とはいえ、逃げるのも難しいだろう。特に、イアンはあまり足が速くない。向こうが追いかけてきたら、背後から攻撃を受けることになる。その結果は想像するまでもない。
戦っても駄目。逃げても駄目。打開策が思い浮かばず頭がクラクラする。僕らの手札はスリングと魔纒もどき、そして僅かな魔法くらいで――……
そのとき、とあるアイディアを思いついた。そうだ、これなら!
「僕が彼らを説得してみる!」
「えぇ!? グレ、アイツらの言葉わかるの?」
フラルが心配して引き止めようとしてくる。ちゃんと説明したいけど、今は時間がない。
「試してみたいことがあるんだ。きっと大丈夫」
「わかった」
イアンが頷く。フラルも不安そうだけど、それ以上は何も言わなかった。
覚悟を決めて、隠れていた木の陰から飛び出す。突然のことに、男性二人は警戒するように言葉を交わしている。いきなり斬りかかられなくて良かった。
彼らをじっと見ながら、呪文を唱える。もっとも、魔法を発動させるつもりはない。そもそもマナを捧げていないから、発動するわけがないんだけど。
「〈我 敵 否定する〉」
魔法を使うときの呪文。これは僕らやリリネが使う妖精語とは別の言葉で、魔法語と言うらしい。語彙は少ないけど、ちゃんと意味が通る独立した言語なんだ。そして、魔法を扱う者は例外なく魔法語を習得している。パーティ内に魔法使いがいるなら、きっと意味は伝わるはず。まあ、あの女性が魔法を使ったところを見たわけじゃないから、ちょっと賭けなんだけどね。
「〈我 戦い 否定する〉」
とにかく、伝わっていると信じて魔法語で敵意がないことを告げる。ただ問題は……魔法を学び始めたばかりの僕は知っている言葉が少ないことなんだよね! ええと、他に何て言えばいいのかな……?
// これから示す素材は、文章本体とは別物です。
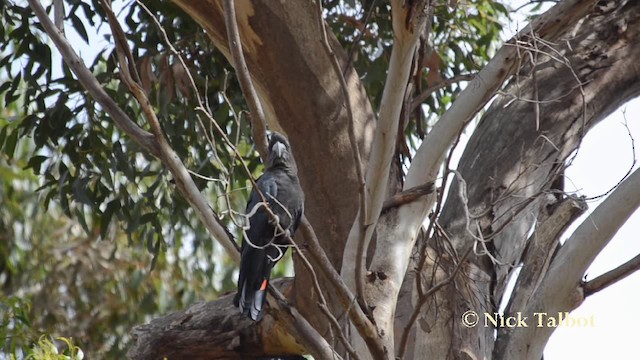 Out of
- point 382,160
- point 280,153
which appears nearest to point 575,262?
point 382,160

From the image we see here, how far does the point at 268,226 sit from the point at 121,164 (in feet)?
5.69

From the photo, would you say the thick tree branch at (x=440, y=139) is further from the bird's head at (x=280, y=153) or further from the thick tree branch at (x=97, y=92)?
the thick tree branch at (x=97, y=92)

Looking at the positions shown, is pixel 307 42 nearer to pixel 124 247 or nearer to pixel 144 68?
pixel 144 68

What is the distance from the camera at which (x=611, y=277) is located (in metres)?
2.90

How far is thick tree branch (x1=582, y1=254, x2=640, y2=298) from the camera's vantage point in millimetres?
2830

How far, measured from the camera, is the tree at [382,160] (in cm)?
259

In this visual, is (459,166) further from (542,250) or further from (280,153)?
(280,153)

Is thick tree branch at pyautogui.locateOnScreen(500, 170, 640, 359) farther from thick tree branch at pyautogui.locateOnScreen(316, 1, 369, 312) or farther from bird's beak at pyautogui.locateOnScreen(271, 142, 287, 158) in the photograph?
bird's beak at pyautogui.locateOnScreen(271, 142, 287, 158)

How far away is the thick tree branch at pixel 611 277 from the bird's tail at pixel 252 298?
3.24 feet

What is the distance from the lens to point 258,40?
3.40 metres

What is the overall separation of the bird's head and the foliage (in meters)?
0.16

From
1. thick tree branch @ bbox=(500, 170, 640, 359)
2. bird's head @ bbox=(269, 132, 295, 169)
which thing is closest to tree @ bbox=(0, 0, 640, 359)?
thick tree branch @ bbox=(500, 170, 640, 359)

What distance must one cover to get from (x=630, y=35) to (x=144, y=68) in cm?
194

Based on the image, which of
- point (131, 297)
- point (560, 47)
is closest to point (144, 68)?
point (560, 47) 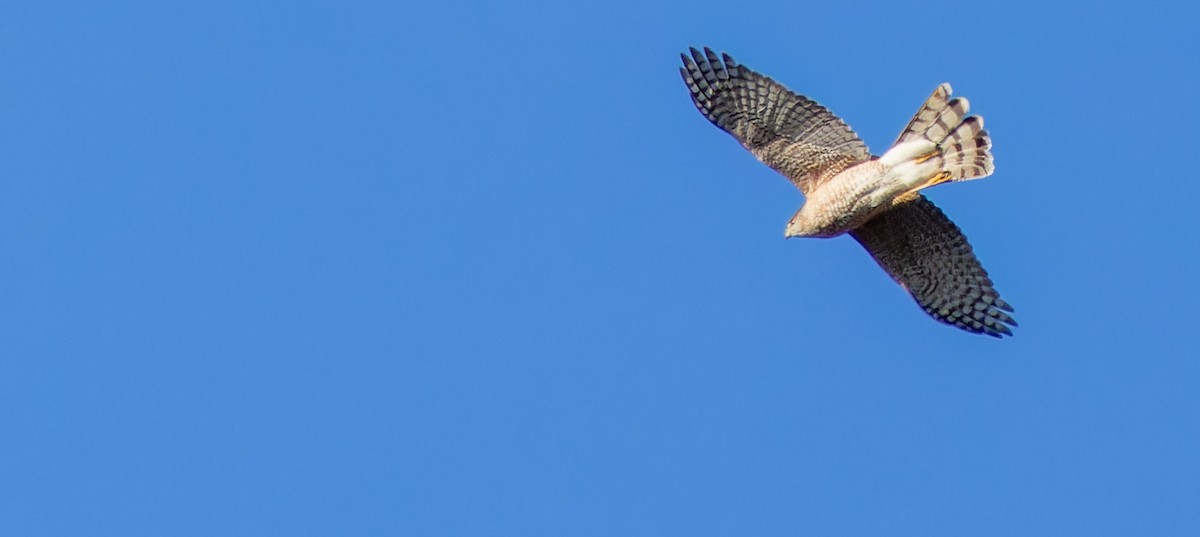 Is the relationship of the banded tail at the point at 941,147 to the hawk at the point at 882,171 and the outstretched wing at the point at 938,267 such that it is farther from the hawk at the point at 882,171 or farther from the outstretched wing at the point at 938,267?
the outstretched wing at the point at 938,267

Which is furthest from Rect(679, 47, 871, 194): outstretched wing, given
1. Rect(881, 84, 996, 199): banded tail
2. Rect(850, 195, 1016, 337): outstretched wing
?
Rect(850, 195, 1016, 337): outstretched wing

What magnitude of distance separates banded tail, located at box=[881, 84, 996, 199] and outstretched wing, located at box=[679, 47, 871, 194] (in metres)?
0.52

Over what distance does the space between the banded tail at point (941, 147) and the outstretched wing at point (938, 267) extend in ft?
2.65

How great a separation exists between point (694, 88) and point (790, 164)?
42.1 inches

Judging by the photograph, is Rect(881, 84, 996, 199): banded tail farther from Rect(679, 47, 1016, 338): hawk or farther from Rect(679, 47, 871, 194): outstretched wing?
Rect(679, 47, 871, 194): outstretched wing

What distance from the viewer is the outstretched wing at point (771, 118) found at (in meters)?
17.1

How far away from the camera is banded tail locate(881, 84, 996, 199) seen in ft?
54.1

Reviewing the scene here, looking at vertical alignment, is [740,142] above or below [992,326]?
above

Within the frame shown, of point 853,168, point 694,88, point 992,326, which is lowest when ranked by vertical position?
point 992,326

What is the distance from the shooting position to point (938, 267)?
58.1 feet

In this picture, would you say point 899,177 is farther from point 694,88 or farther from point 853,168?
point 694,88

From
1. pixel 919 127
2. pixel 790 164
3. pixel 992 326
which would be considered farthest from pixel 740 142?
pixel 992 326

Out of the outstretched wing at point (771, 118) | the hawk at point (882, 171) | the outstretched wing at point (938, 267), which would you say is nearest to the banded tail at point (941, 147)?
the hawk at point (882, 171)

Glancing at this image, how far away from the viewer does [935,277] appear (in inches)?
700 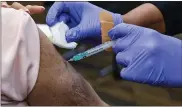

必死の説得の結果、僕らに近寄りつつあった男性二人は――――表情を険しくして走り出した。
え、あれ?
……もしかして、魔法で攻撃されると思った?
まずい、まずいって!
ど、どど、どうしよう。まさか、相手を刺激する結果になるなんて!
意図しない結果に
彼らはしばらく僕に理解できない言葉で話し合っていたけど、何らかの結論が出たみたい。男性二人のそばまで魔法使いの女性がゆっくりと歩いてきた。
「〈我は求む 我らの道行きを妨ぐることなかれ 敵意なくば立ち去れ〉」
お、おおお!
会話だ。会話が成り立ってる!
ええと、意味としては“我々が進むのを邪魔するな。敵じゃないなら立ち去れ”ってことだよね。彼女の言葉を信じるなら、戦いは回避できそうだ。